Hamlin established the strength in his No. 11 Joe Gibbs Racing Toyota early, sweeping both stages and trading the lead with another contending teammate in Martin Truex Jr. But his control of the race began to slip down the stretch as Joey Logano briefly took command on a long green-flag run in Stage 3.
Hamlin regained the top spot with speedy pit service in the No. 11 team’s final stop, edging Logano’s No. 22 Team Penske Ford to the pit exit by half a car-length. But shortly after the green flag flew for the final restart, Bowman bolted on by and stretched his lead to the finish.
“We just didn’t take off very good there,” Hamlin said of the final stint. “Definitely was worse when our car took off after the restart. The 48 had his tires pumped up, he was able to take off there, get the lead, build a lead big enough I didn’t have enough time to get back to him.”

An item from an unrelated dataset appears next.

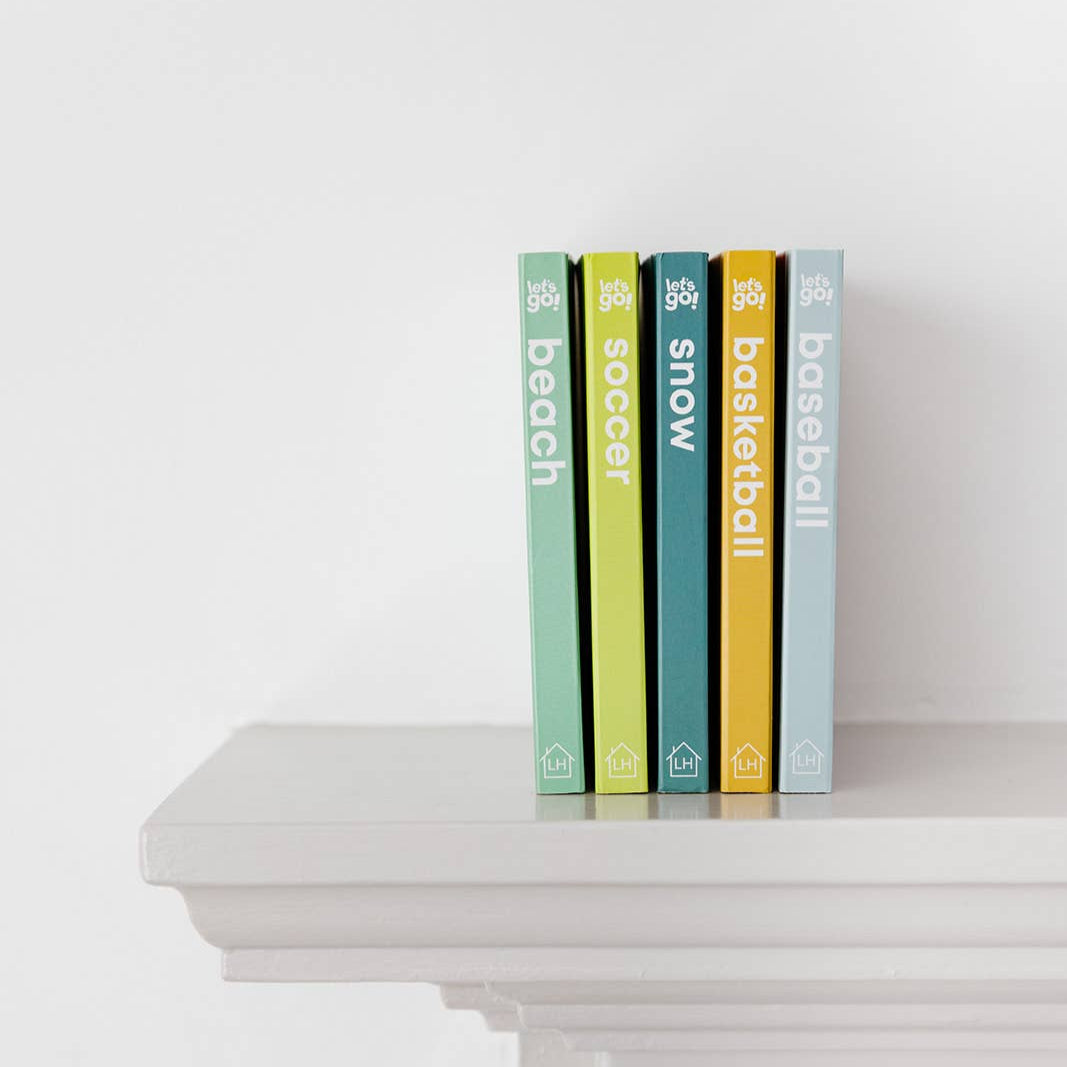Five books with titles on a white surface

Hamlin led 207 laps Sunday at Richmond, one week after pacing 276 of the 500 laps and fading to third at another friendly venue in Martinsville. He has led more than half the laps at Richmond on five occasions but prevailed on only two of those dominant days.
With the sting from Sunday still fresh, the irritation was evident post-race from a driver who won seven times in 2020 and six times the year before.

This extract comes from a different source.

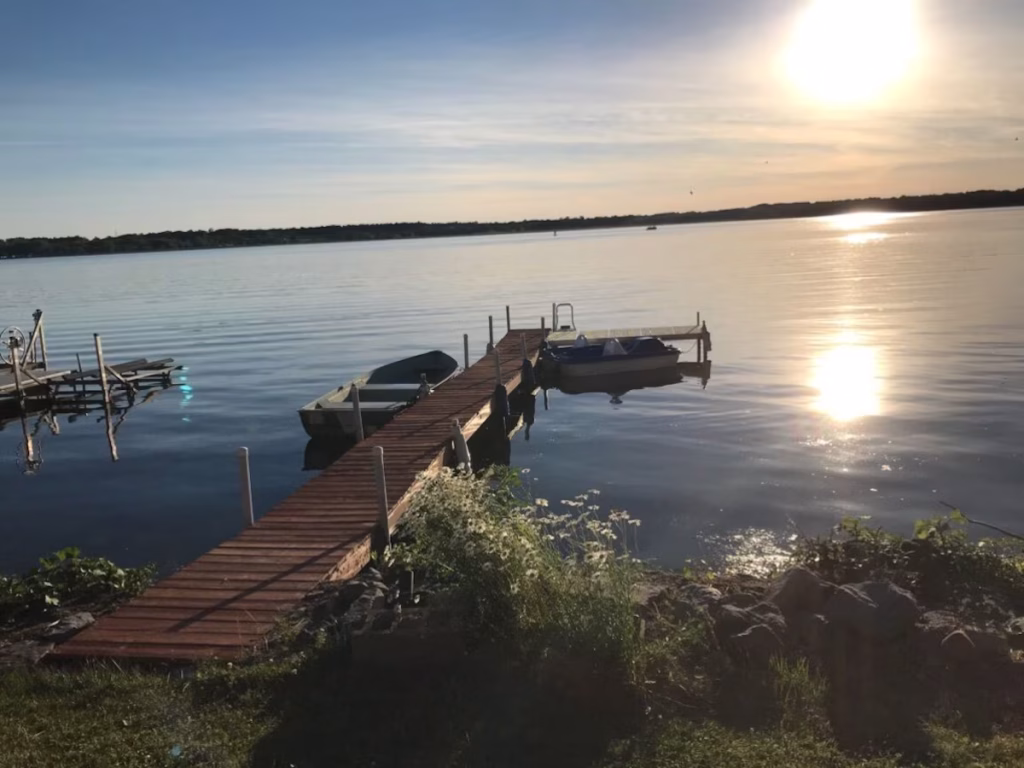 View of the dock and a sunset over Cayuga Lake.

“Yeah, I mean, there’s frustration, for sure,” Hamlin said. “But it doesn’t change my attitude or work ethic. I’m going to work just as hard to win next week and the week after that. You’re a competitor, you want to win. Especially when you have a great opportunity to win. It just didn’t happen. I just got to digest it, look at it and see where we could have been a little bit better. But ultimately there’s nothing I can do. My effort was as high as it could be. There’s nothing that’s glaring that I feel like I could have or should have done different.”

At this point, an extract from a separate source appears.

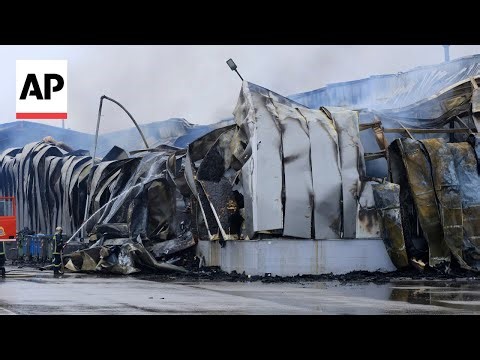 Firefighters battle flames after deadly explosion at cookie factory in Greece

Even with the losses starting to mount and Bowman hoisting the trophy in Victory Lane, Hamlin was able to take some solace in his current lot, leading the tour by a whopping 81 points more than second-place Truex. In fact, he suggested he wouldn’t trade places with Bowman, who has scratched the win column but hasn’t demonstrated the week-in, week-out performance JGR’s No. 11 bunch has produced so far.
“I don’t care that he’s got a win,” Hamlin said. “We’re smashing everyone. I’d still rather be where I’m at.”